Divulgação/Sony Pictures
Impacto do tempo
- Nelson Marques
GIRAMUNDO VIU Não dá para ficar indiferente a uma história que se propõe a observar um espaço definido (algumas vezes fixo, outras não), enquanto o tempo se manifesta ao seu redor. Infelizmente a atração formal (tempo-espaço, presente, passado e futuro) que atrai e encanta como premissa básica, peca e tropeça pela falta de uma narrativa com alma e calor humano.
Aqui (2024), direção de Robert Zemeckis, cujo último filme foi Pinocchio (2022), tem um roteiro criativo de Eric Roth – Assassinos da Lua das Flores (2023) –, Richard McGuire e do próprio Zemeckis. O filme conta com um bom elenco, encabeçado por Tom Hanks e Robin Wright, e mais Paul Bettany, Kelly Reilly, Ellis Grunsell e Teddy Russell.
O filme adota uma narrativa não linear que atravessa milhares de anos, mergulhando nas histórias dos habitantes de uma região, e posteriormente de uma casa, ao longo do tempo. Para tanto faz-se uso de telas subdivididas e de tecnologia de rejuvenescimento por IA, com destaque para Tom Hanks e Robin Wright, reunidos novamente após Forrest Gump – O Contador de Histórias (1994).
A atenção dada pela produção aos elementos técnicos é surpreendente e, exatamente por isso, ficamos à espera de algo mais no plano técnico mesmo, mas, ainda mais, nas emoções que deveriam estar presentes num mergulho tão profundo de vidas que se relacionam, se entrelaçam, e se extinguem.
A inovação visual que se superpõe na tela, no tempo e no espaço, ao mesmo tempo mantendo determinados pontos fixos, ligando histórias no tempo e no espaço frustram pela falta de alma narrativa, o tão falado e pouco exercido calor humano. Ficamos frustrados ao sermos “enganados” por um espetáculo técnico, visualmente brilhante, mas com poucos momentos de conexões genuinamente emocionais. O virtuosismo visual de Zemeckis parece engolir a própria narrativa, como se o filme estivesse mais preocupado em impressionar e dar coerência à sua não linearidade do que em criar personagens e situações que realmente importem na progressão e no todo da narrativa.

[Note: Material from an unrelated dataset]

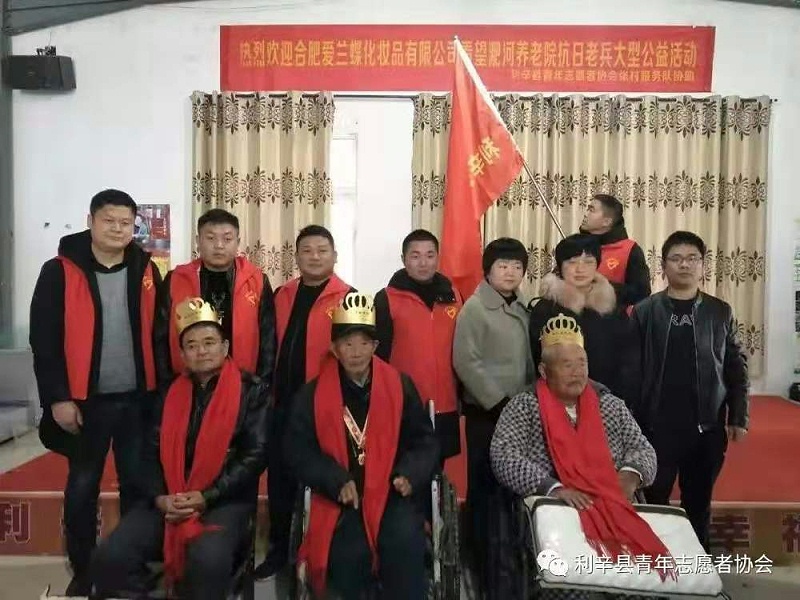 微信圖片_20191219074913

O próprio elenco, que conta com talentos indiscutíveis como Tom Hanks, Robin Wright e Paul Bettany, não encontra espaço para brilhar. O rejuvenescimento digital, embora impressionante, não compensa a falta de tratamento mais profundo para as performances. É como se os personagens fossem joguetes de luxo em uma tela que privilegia o artifício em detrimento da humanidade expressa pelo elenco.
Apesar de esteticamente marcante, o trabalho de Robert Zemeckis carece de fulgor narrativo, o que acaba comprometendo a força de sua proposta. A maior ironia do filme está justamente em sua premissa: uma reflexão sobre o impacto do tempo em um espaço único, que, paradoxalmente, ignora aquilo que deveria ser central – as histórias humanas que dão vida ao lugar.